DUTCH NECK LAND COMPANY, LLC, AND COLUMBIA CONTAINER SERVICES, LLC, PLAINTIFFS-APPELLANTS,
v.
CITY OF NEWARK; MUNICIPAL COUNCIL OF THE CITY OF NEWARK; THE CENTRAL PLANNING BOARD OF THE CITY OF NEWARK; AND MORRIS DOREMUS AVENUE ASSOCIATES, LLC, DEFENDANTS-RESPONDENTS.



On appeal from the Superior Court of New Jersey, Law Division, Essex County, Docket No. L-8232-06.

Per curiam.

NOT FOR PUBLICATION WITHOUT THE APPROVAL OF THE APPELLATE DIVISION

Argued April 28, 2008

Before Judges Lintner, Sabatino and Alvarez.

Plaintiffs, Dutch Neck Land Company, LLC ("Dutch Neck") and Columbia Container Services, LLC ("Columbia Container"), are the respective owner and lessee of nearly seven acres of commercial property in the City of Newark ("the City"). Plaintiffs filed this action in lieu of prerogative writs, upon learning that the City had adopted an ordinance in December 2005 amending its 1964 Redevelopment Plan so as to slate plaintiffs' property for acquisition. Before discovery, the Law Division dismissed plaintiffs' action with prejudice, and plaintiffs thereafter appealed.
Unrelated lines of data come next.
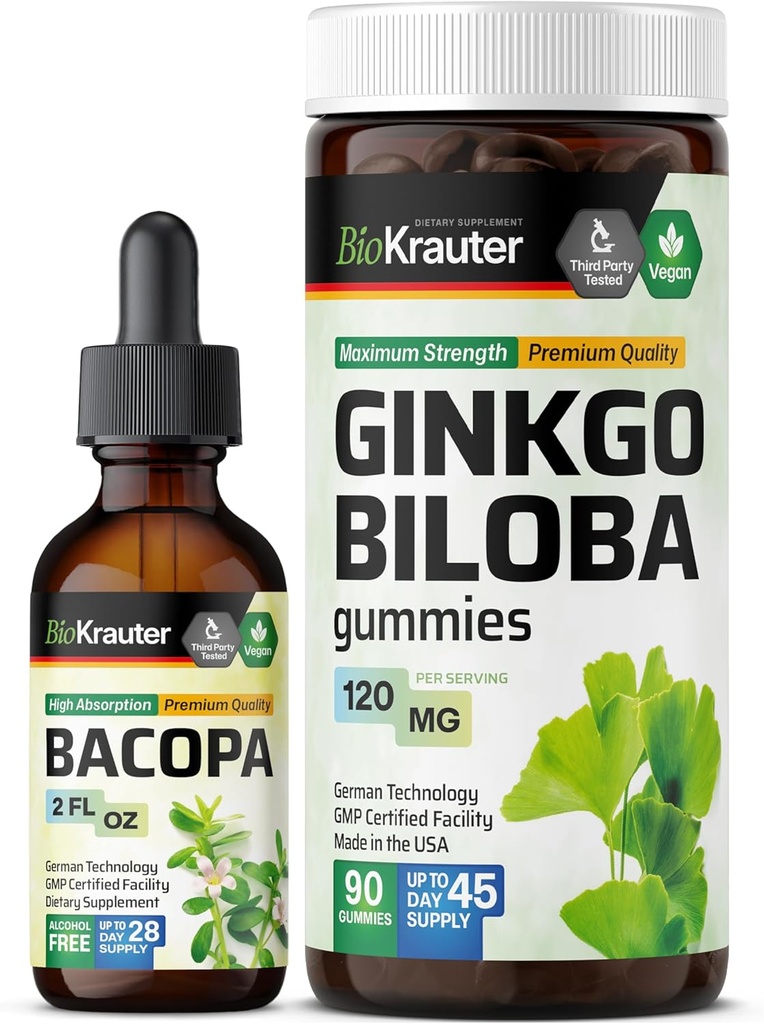 BIO KRAUTER Bacopa Teinture 2 Fl. Oz. & Ginkgo Biloba 90 Gommies
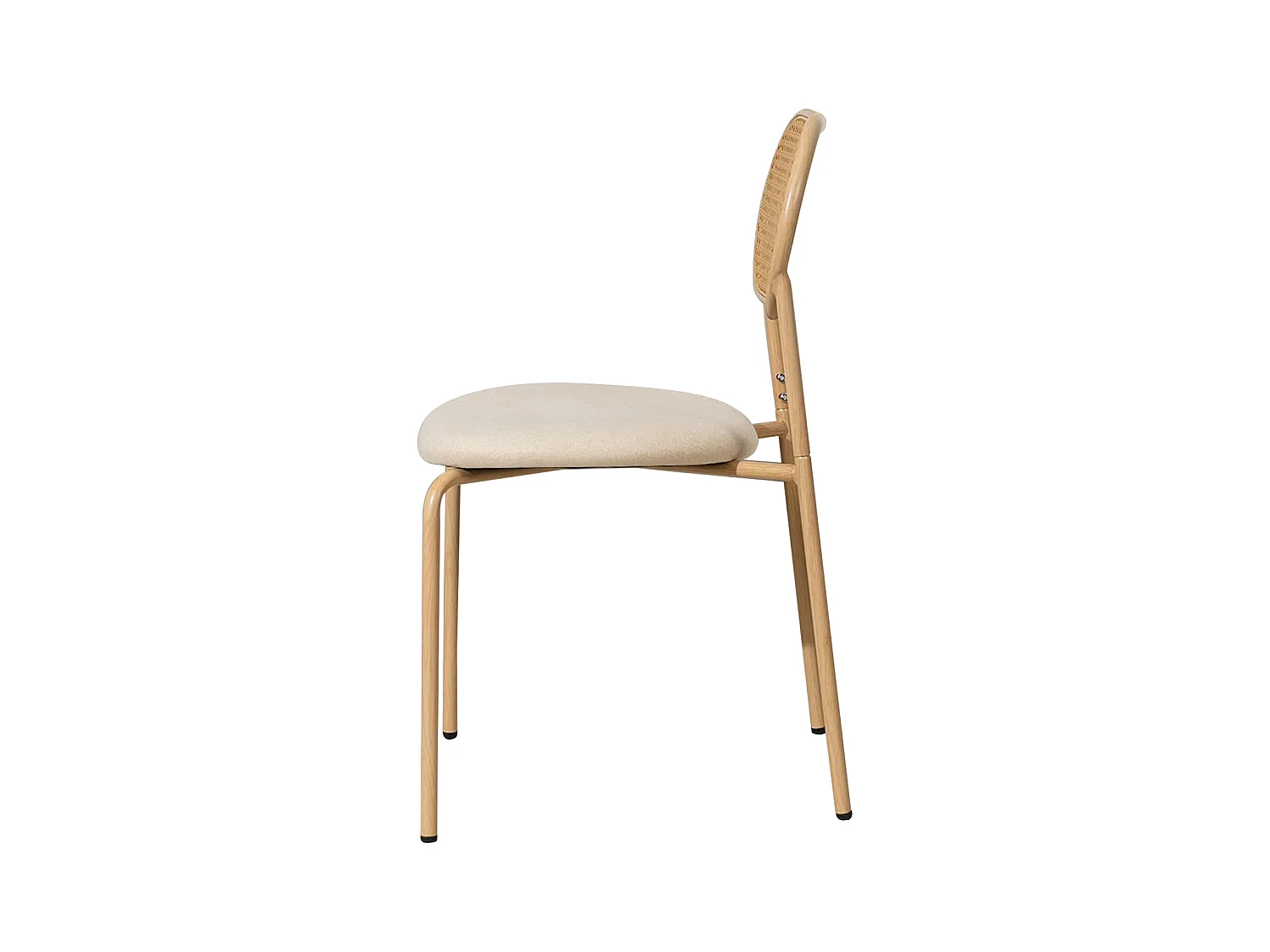 Lot de 2 chaises modernes de cuisine avec dossier en rotin, pieds métalliques, marron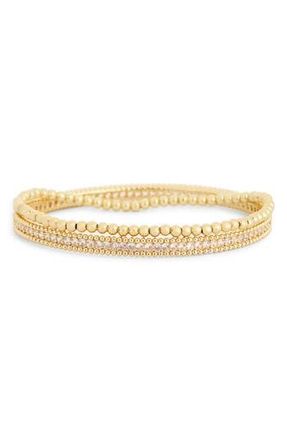 Nordstrom Rack Set of 2 Cubic Zirconia Bangle & Beaded Stretch Bracelets in Clear- Gold at Nordstrom Rack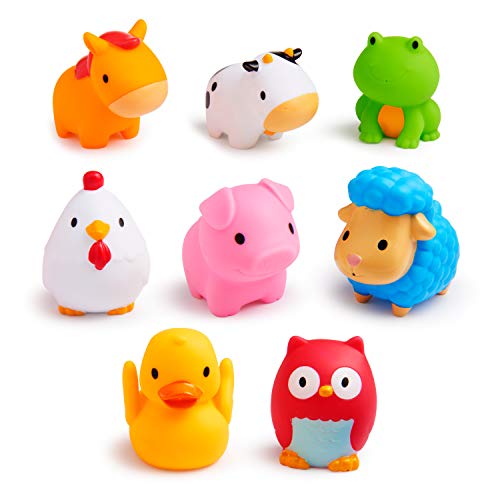 Munchkin Baby Bath Toy Squirts for Babies and Toddlers 9 Months and Up Farm Animal Squirters 8 Pack - Image 1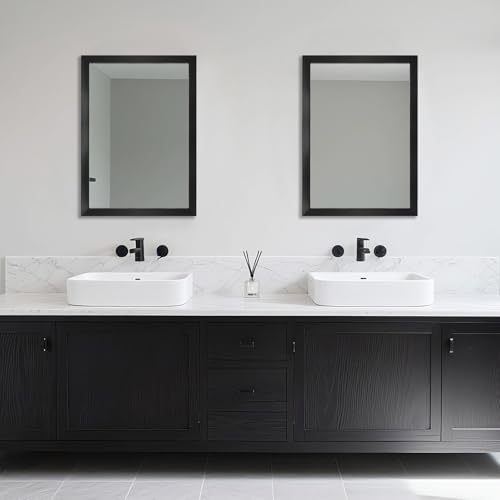 Rectangular Wall Mirror 28x20 Inch Bathroom Mirror for Over Sink, Black - Image 6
We vacate the dismissal order and reinstate this case in the Law Division for reconsideration in light of supervening case law. Such a remand will also enable the parties and the trial court to explore, this time with the benefit of discovery, various claimed irregularities, documentation gaps, and other issues that fairly implicate the validity of the Plan amendment.

I.

The pertinent history of this matter dates back to at least July 24, 1963, when the City's Municipal Council ("the Council") adopted a resolution*fn1 directing the City's Central Planning Board ("the Planning Board") to investigate whether certain areas in the City qualified as "blighted areas."*fn2 After the Planning Board presumably conducted the requested hearing and made findings of blight and associated recommendations, the Council adopted a corresponding resolution on November 6, 1963.*fn3 That resolution designated as "blighted" an area generally bounded by the Passaic River on the north, Doremus Avenue and Newark Bay on the east, the Lehigh Valley Railroad Line and Port Street on the south, and the Passaic Branch of the New York Bay Railroad on the west.

Seven months later, on June 18, 1964, the Council passed a resolution adopting a redevelopment plan ("the Plan") identified as the "NJR-121 Industrial River Urban Renewal Plan." The Plan was generated in April 1964 by the City's Housing Authority.
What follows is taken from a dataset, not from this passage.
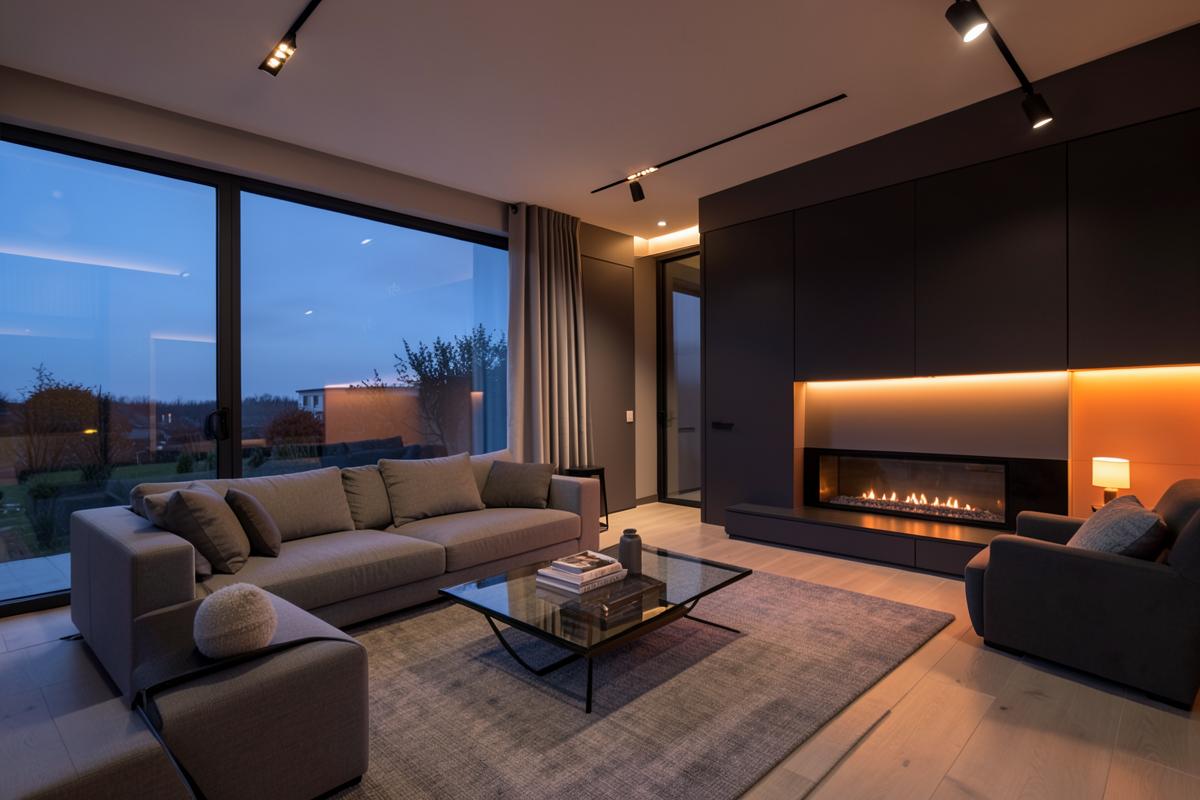 Smart-Home-Wohnraum mit automatisierter DALI-Beleuchtung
The Plan apparently*fn4 was based upon the legal authority of the former statutes that preceded the enactment in 1992 of the Local Redevelopment and Housing Law ("LRHL"), N.J.S.A. 40A:12A-1 to -49.*fn5 The corresponding land maps that the Plan cross-referenced covered a large portion*fn6 of the City's area. Some of the properties within the area had residential uses in 1964, but the majority appear to have been industrial or other commercial uses.

Among other things, the 1964 Plan declared that "[t]he major part of the properties in the project area will be acquired for clearance and redevelopment." However, "[t]he exceptions [to acquisition] are properties whose improvements are substantial and in good condition or conservable and their use[s] compatible with the uses proposed by this Plan as shown [on the accompanying maps]." The Plan contemplated that certain portions of the redevelopment area would be used for public and semi-public purposes, and that the remainder of the area would be zoned for industrial uses. Related commercial uses were also allowed in the industrial areas. The Plan also specified various zoning requirements for building heights, lot coverage, setbacks, off-street parking, off-street loading, landscaping, lighting, storage, density, flood plain control, and easements.

With respect to the determination of blight, the Plan stated:

Certain properties in the project have been preliminarily judged as being subject to upgrading to standard condition through the accomplishment of a backlog of normal maintenance, while certain others have been judged as deteriorated and substandard. Further investigation may bring a decision that rehabilitation action would be more appropriate in certain cases.

The Plan also declared that "[t]he elimination of substandard structures will be accomplished by slum clearance and redevelopment." Additionally, it stated that "[t]he spread of slums and blight will be checked by the renewal of the [p]roject [a]rea and a good industrial area will result from it."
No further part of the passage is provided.